Prior to that though, I was purely just an OSS maintainer during my free time
for 3 or 4 years.

This blog post rings true 100%.

The unfortunate thing is that 99.9% of the community is filled with great,
helpful, happy people. But then the 1 in 1000 person comes along that is...
less than great... and that person puts a raincloud on your day as a
maintainer (or even worse: puts a raincloud on SOMEONE ELSE in the community).
And this person usually manifests themself exactly as this blog post states:
demanding, lacking detail in requests, not understanding, irrational, rude,
etc. They're hard folks to deal with.

I try to remember that THEY are also human. One thing I was taught when I
worked at Apple Retail (yes, retail) is that people are angry for a reason.
Very very very few people are angry purely to hurt you. Almost everyone who is
angry, on the flip side, is angry for a reason and emotions are effecting
them. I try to empathize and understand their pain, try to see what I can do
to help them. This is certainly a challenge, though. ( See my blog post:
[http://mitchellh.com/apple-the-key-to-my-success](http://mitchellh.com/apple-
the-key-to-my-success) )

Disclaimer for the above paragraph: I'm not saying the blog poster here
shouldn't take a month off. They absolutely should if they feel that would
help. The constant berating is very mentally straining.

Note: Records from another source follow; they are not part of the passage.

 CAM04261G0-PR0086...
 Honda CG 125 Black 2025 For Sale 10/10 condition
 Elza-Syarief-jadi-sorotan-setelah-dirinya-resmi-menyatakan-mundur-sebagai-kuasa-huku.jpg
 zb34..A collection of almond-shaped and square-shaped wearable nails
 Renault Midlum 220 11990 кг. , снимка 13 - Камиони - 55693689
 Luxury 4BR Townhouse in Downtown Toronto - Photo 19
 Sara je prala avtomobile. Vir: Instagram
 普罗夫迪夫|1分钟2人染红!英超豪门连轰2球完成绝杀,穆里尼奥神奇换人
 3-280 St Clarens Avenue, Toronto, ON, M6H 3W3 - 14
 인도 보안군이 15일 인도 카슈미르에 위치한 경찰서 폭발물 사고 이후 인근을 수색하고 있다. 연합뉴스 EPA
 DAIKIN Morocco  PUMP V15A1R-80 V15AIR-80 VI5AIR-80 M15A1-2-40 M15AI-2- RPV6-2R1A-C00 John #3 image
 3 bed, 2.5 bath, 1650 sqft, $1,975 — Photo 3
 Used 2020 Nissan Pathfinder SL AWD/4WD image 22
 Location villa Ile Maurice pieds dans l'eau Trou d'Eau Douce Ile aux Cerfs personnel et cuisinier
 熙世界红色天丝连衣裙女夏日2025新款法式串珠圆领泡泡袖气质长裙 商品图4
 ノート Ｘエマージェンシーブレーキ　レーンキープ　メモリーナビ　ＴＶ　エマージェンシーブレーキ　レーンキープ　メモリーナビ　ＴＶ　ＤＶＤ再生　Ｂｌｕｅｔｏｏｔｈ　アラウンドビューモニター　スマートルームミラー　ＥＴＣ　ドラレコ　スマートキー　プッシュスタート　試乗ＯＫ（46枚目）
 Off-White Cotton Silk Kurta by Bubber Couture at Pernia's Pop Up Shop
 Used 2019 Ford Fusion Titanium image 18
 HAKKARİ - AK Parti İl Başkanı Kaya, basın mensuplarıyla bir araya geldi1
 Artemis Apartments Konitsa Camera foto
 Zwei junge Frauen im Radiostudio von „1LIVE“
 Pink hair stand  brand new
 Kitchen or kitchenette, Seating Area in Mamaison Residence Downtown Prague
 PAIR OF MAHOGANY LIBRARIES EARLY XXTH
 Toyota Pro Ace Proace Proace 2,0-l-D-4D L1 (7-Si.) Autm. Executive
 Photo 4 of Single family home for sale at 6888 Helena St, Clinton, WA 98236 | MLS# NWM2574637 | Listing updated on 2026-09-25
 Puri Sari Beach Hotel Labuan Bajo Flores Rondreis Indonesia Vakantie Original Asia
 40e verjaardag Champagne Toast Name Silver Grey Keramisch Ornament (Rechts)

Something that helps greatly: if you're a happy user, if you had a good
experience, just open an issue that says "Thanks". Some people close it, some
people leave it open. Either way I promise that that little gesture of good
will will really help the morale of maintainers. We don't even mind closing
your non-issue issue. :)

As a maintainer looking at an issue list, we see just that: a list of issues.
Its easy to fall into a trap of thinking everything is terrible and everyone
hates what you do. Seeing happy users on Twitter, at conferences, etc.
reinforces that its not all pain and despair.

So from a maintainer: thank you to the community for being so great! :)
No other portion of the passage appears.